AMD: Is closing the quad-core deficit enough?

AMD: Is closing the quad-core deficit enough?

Summary: AMD kicked off the "premier" of their latest microprocessor offering with a launch party at the Herbst International Exhibit Hall Monday night.  Partners like VMware, HP, Dell, Sun, Oracle, IBM, Microsoft and others were on hand or were there by video link to celebrate the launch of AMD's single-die quad-core milestone processor.

SHARE:
71

AMD kicked off the "premier" of their latest microprocessor offering with a launch party at the Herbst International Exhibit Hall Monday night.  Partners like VMware, HP, Dell, Sun, Oracle, IBM, Microsoft and others were on hand or were there by video link to celebrate the launch of AMD's single-die quad-core milestone processor.  Barcelona is critical for AMD since it was getting battered by Intel's ten-month head start in quad-core processors which used a cheaper-to-manufacture dual-die process.

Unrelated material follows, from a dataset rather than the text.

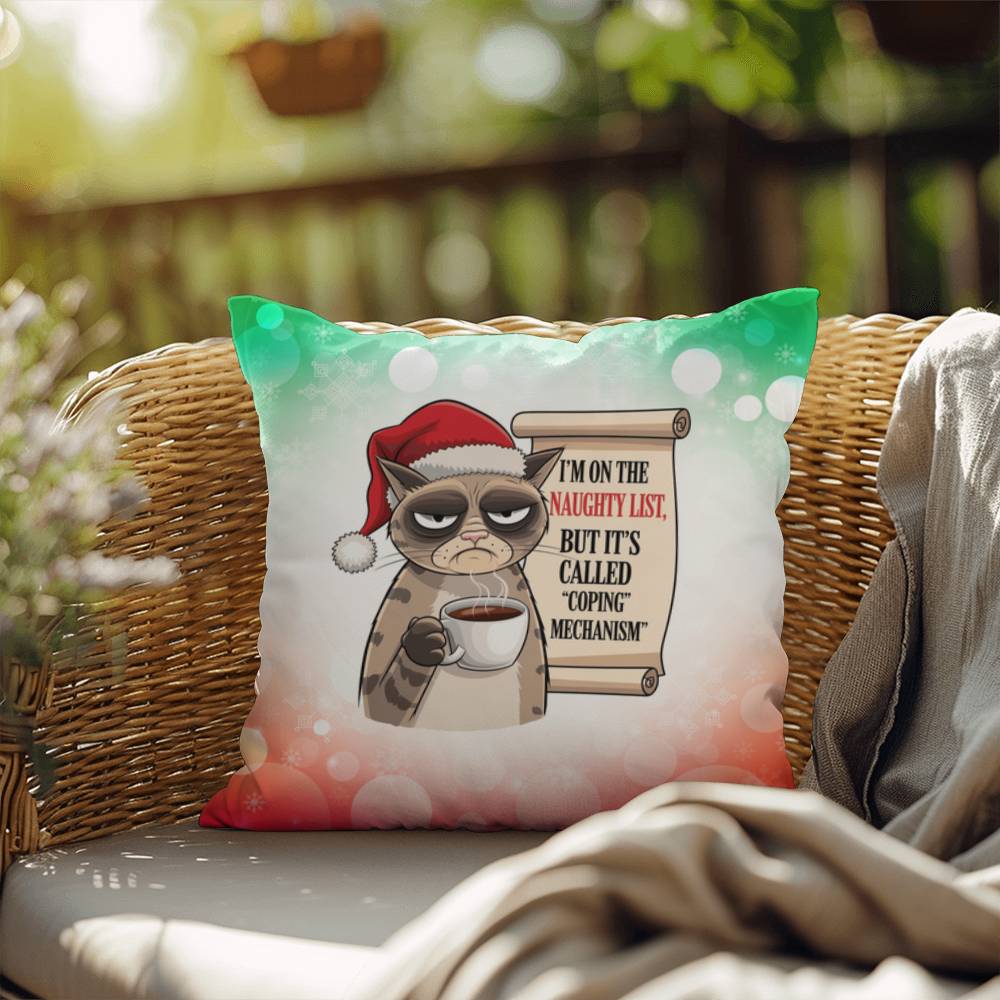 I’m on the Naughty List (Cat) Throw Pillow - Funny Christmas pet lover holiday decorative pillow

AMD argues that its single-die "native quad-core" process with its lower latency is architecturally superior to Intel's dual-die process.  But the challenges of manufacturing a massive 283mm squared die with high yields and high clock speeds is daunting and the fact that Barcelona is 6 months late and 600 MHz short makes this fact painfully clear.  AMD’s executive VP Mario Rivas admitted back in March that he wished AMD had “immediately done a MCM - two dual cores and call it a quad-core” if he could do it all over again.  Intel takes the easy manufacturing route of combining two 143mm squared dies which allows Intel to mix and match the best combinations.  Intel's soon to launch 45nm chip takes the die size down to an even more manageable 107mm squared.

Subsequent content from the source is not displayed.